The early morning in the Amazon, a time simultaneously real and unknown. A concrete experience that retains the same dimension of centuries ago, when even Gregorio Ronca, frigate captain of the Italian Navy undertook a long journey to the Amazon, on behalf of King Vittorio Emanuele III. The journey involved deep emotions dozed off by the power of that nature: “those natural magnificence always inspired in me a sense of admiration mixed with a feeling of pride for the security that, in a near future, men would have shaped that rebellious nature to its needs…”
A plus A Gallery, Venice
Dawn on a Dark Sublime
This research brings together the historical thought and sublime concepts of nature through a subject that has never been in the center of an artistic research before: foibe.

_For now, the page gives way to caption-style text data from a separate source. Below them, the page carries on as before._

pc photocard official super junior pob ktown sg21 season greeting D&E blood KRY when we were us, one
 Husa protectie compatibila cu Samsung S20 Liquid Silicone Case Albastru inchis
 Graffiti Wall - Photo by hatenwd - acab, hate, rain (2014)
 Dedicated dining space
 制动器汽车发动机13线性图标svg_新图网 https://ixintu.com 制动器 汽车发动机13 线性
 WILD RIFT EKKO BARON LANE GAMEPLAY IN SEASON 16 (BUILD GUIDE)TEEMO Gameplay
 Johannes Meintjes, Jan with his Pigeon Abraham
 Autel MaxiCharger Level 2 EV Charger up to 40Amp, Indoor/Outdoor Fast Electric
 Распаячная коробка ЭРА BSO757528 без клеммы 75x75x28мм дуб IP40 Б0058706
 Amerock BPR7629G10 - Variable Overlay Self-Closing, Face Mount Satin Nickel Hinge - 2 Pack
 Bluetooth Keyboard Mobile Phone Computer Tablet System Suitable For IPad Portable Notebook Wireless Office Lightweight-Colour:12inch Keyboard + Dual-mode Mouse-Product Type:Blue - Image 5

I photographed and documented these vertical caves, chasms, large sinkholes in Istria and Karst – the photographs as well as sculptures, videos and sound installations convey to the visitor a double sublime suggestion: not only the magnificence of depicted nature that affects the perception, but also of the historical connotation.
The foibe tell the history of Europe in the 20th century, and also a story of nature and geology spanning millennia and of a number of literary, psychological, theological, mythological and aesthetic impressions.
The title is a reference to memory, to the process of remembering, to casting light on a nocturnal subject through artistic research – Dawn is in fact the dawning that gradually leads to light.